MULTIPLE FORMS OF LACTATE DEHYDROGENASE AND ASPARTATE AMINOTRANSFERASE IN HERRING (CLUPEA HARENGUS HARENGUS L.)

Abstract

The distribution of isoenzymes of lactate dehydrogenase (LDH) and aspartate aminotransferase (AAT) in the tissues of 189 herring (Clupea harengus harengus L.) were examined. Starch-gel electrophoresis of the LDH isoenzymes of the herring revealed the presence of two hybrid forms representing mutant alleles at the B locus. These mutants gave rise to two genotypes, BB′ and BB″, whose LDH staining patterns revealed a binomial distribution of the tetramer combinations formed from a free and random association of the A, B, and B′, and the A, B, and B″ monomers respectively.A hybrid form of soluble AAT was found. Its electrophoretic pattern showed a 1:2:1 binomial distribution of bands. It is postulated that these bands represent AAT dimers formed from normal S and mutant S′ monomers of a heterozygous SS′ genotype.

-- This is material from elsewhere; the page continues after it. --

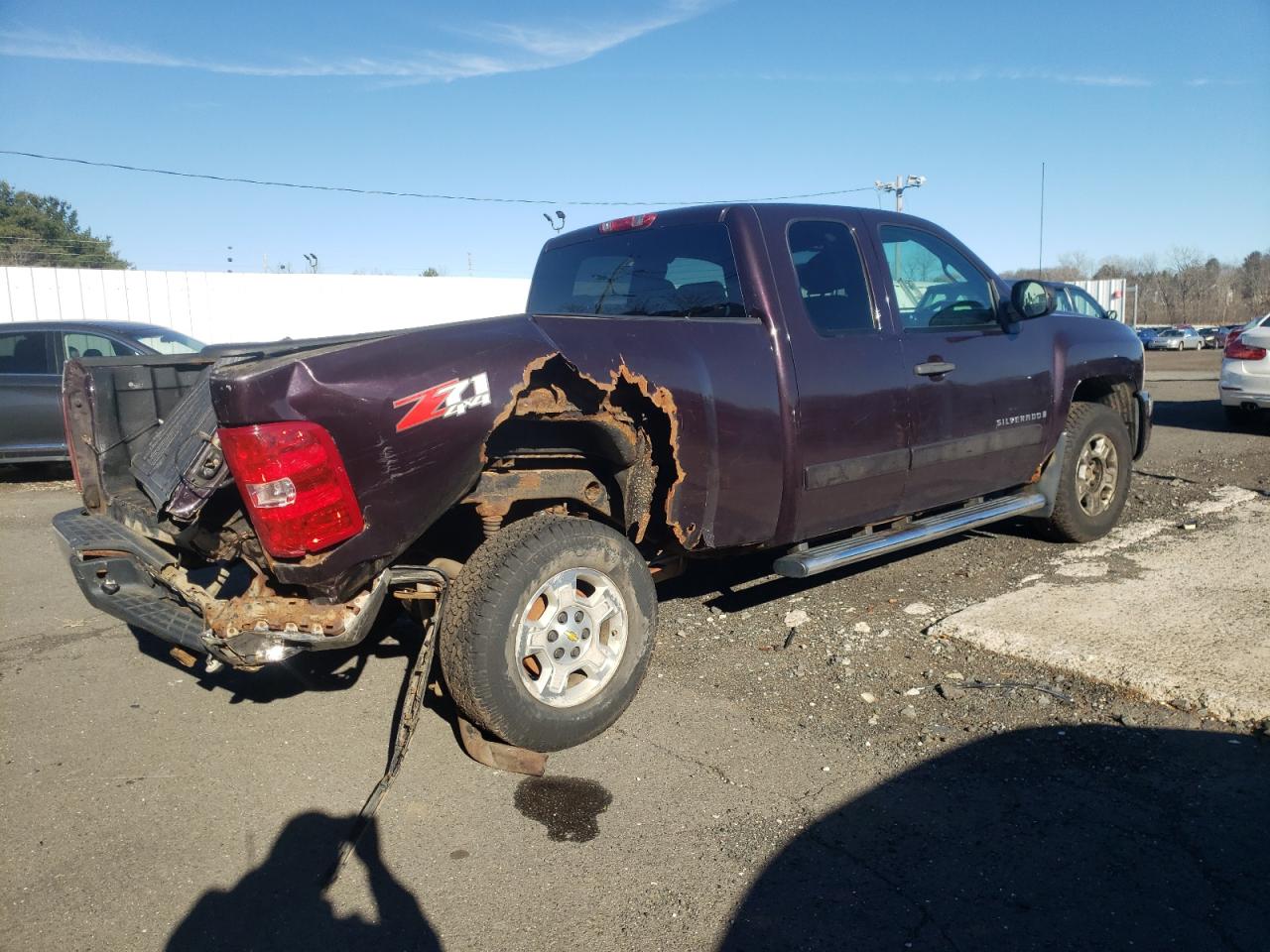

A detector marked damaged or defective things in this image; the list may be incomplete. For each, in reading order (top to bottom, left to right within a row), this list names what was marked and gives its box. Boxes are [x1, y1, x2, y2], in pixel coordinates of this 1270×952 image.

rusty metal bracket [461, 721, 551, 776]
cracked asphalt [0, 352, 1264, 952]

The normal homozygous SS genotype showed only one band of activity.The normal levels of LDH and AAT activity in plasma and in heart and skeletal muscles were determined. During frozen storage LDH-5 activity gradually disappeared, while LDH-1 activity changed least; LDH-1 was also most stable at higher temperatures. Frozen storage rapidly destroyed AAT activity.